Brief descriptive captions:
----

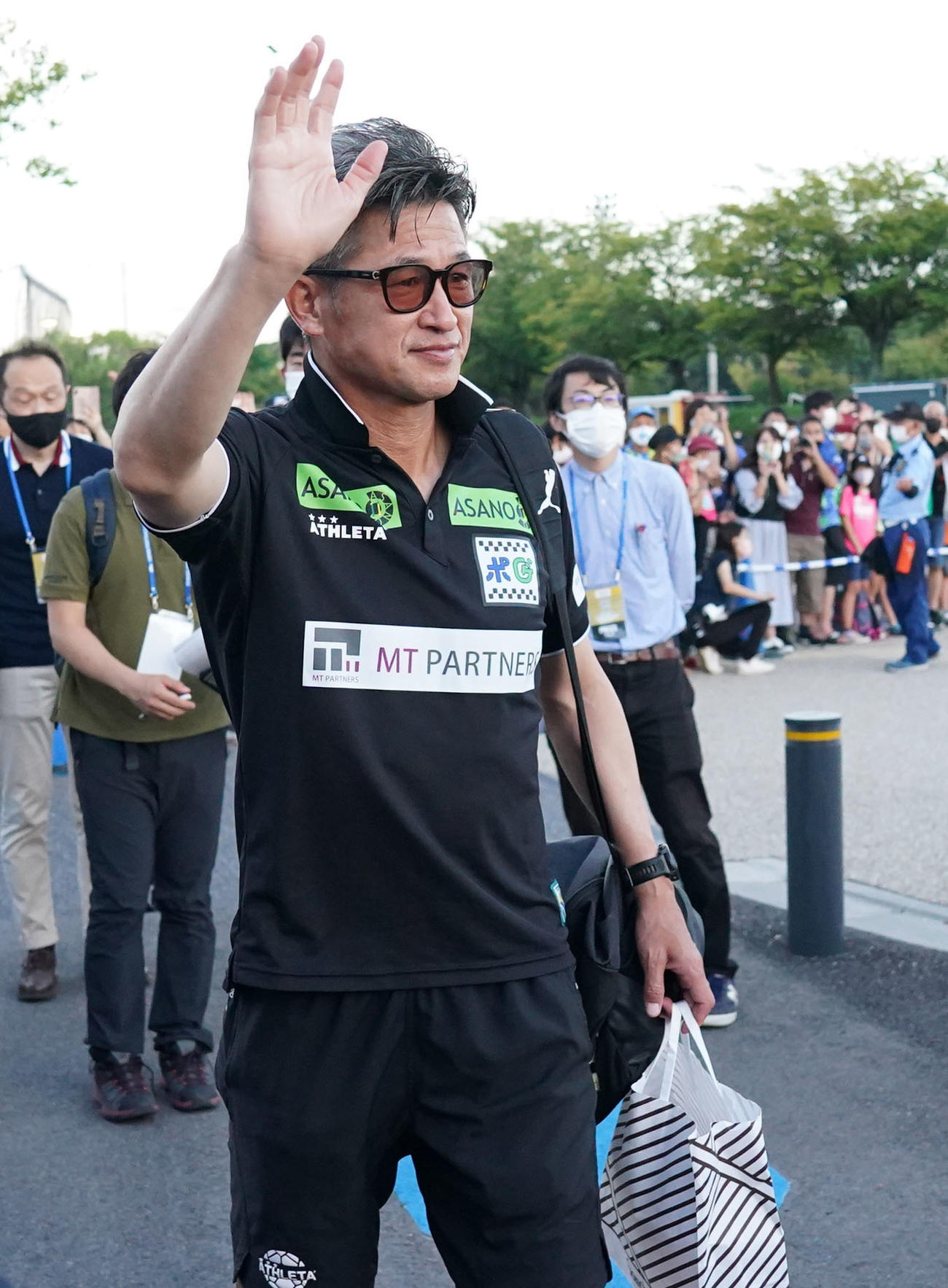鈴鹿対三重　ファンに手を振り会場を後にする三浦知（撮影・森本幸一）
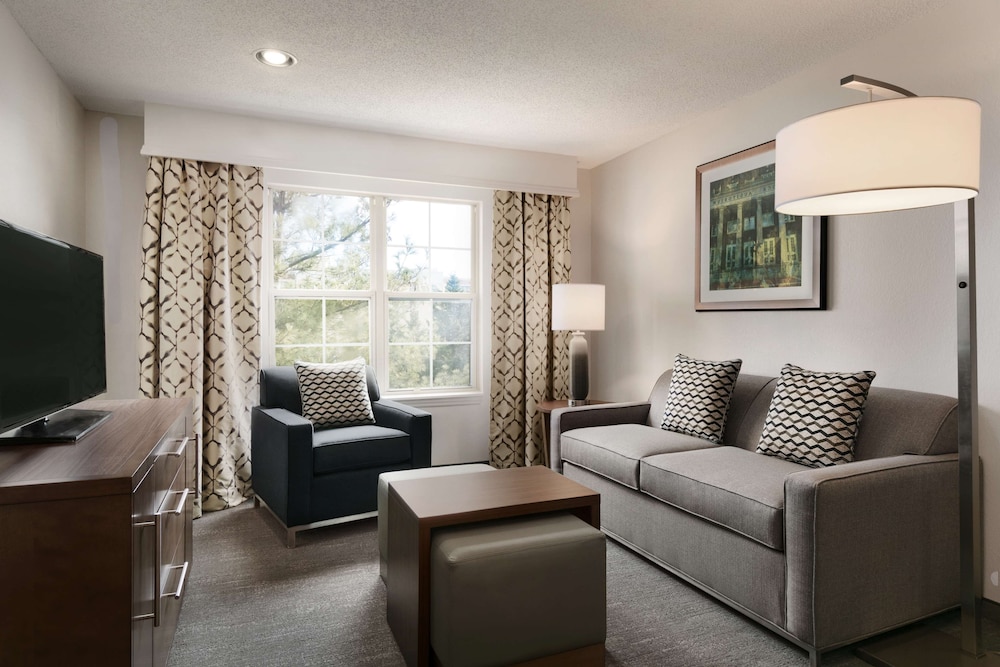 Homewood Suites by Hilton Greensboro - photo 19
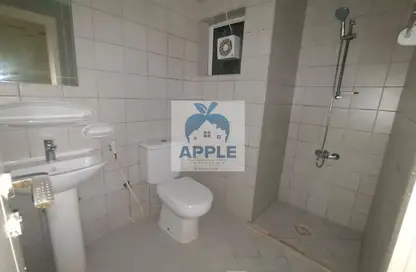 شقة - 2 غرف نوم - 3 حمامات للايجار في مجمع مويلح - تجارية مويلح - الشارقة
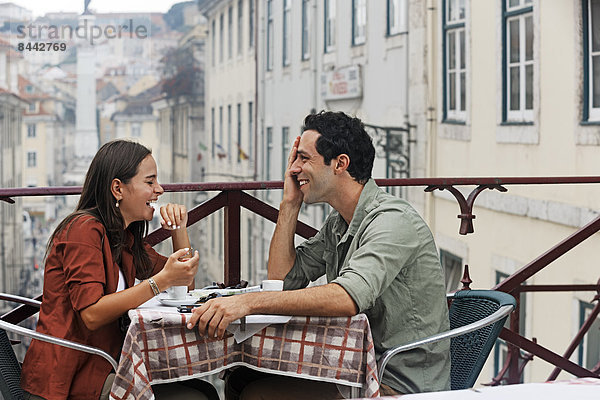 Portugal  Lisboa  Carmo  Largo du Duque  junges Ehepaar im Straßencafé
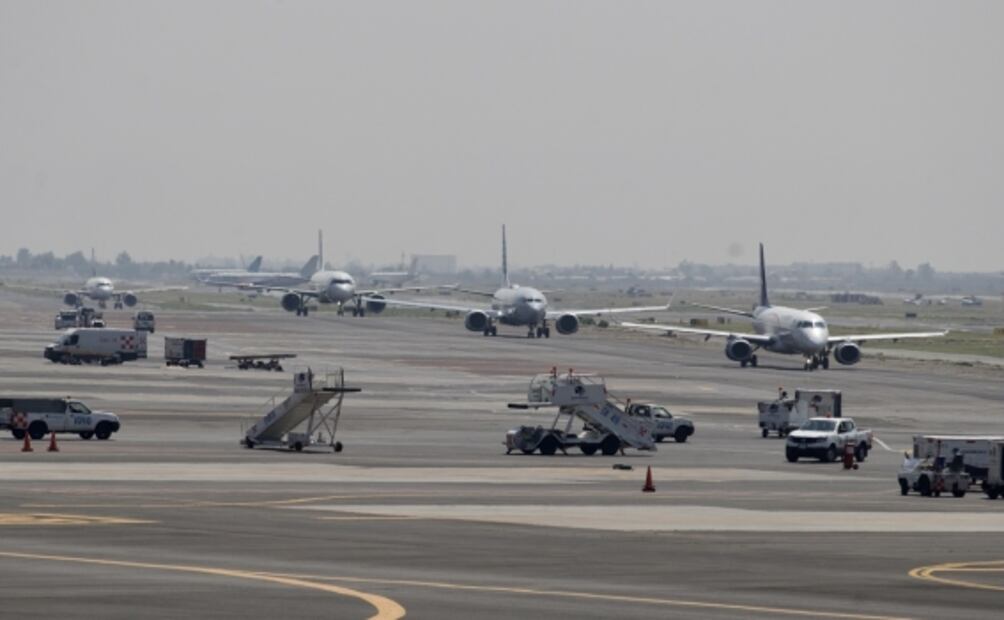 "Vamos a tomar un vuelo y nos da miedo". Incidente aéreo siembra temor en pasajeros del AICM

----

Task to complete
Your answer must be an exact copy of the lines from the start of the entries through the line with "Ehepaar im Straßencafé", with no pictures.

Output of the exercise
鈴鹿対三重　ファンに手を振り会場を後にする三浦知（撮影・森本幸一）
 Homewood Suites by Hilton Greensboro - photo 19
 شقة - 2 غرف نوم - 3 حمامات للايجار في مجمع مويلح - تجارية مويلح - الشارقة
 Portugal  Lisboa  Carmo  Largo du Duque  junges Ehepaar im Straßencafé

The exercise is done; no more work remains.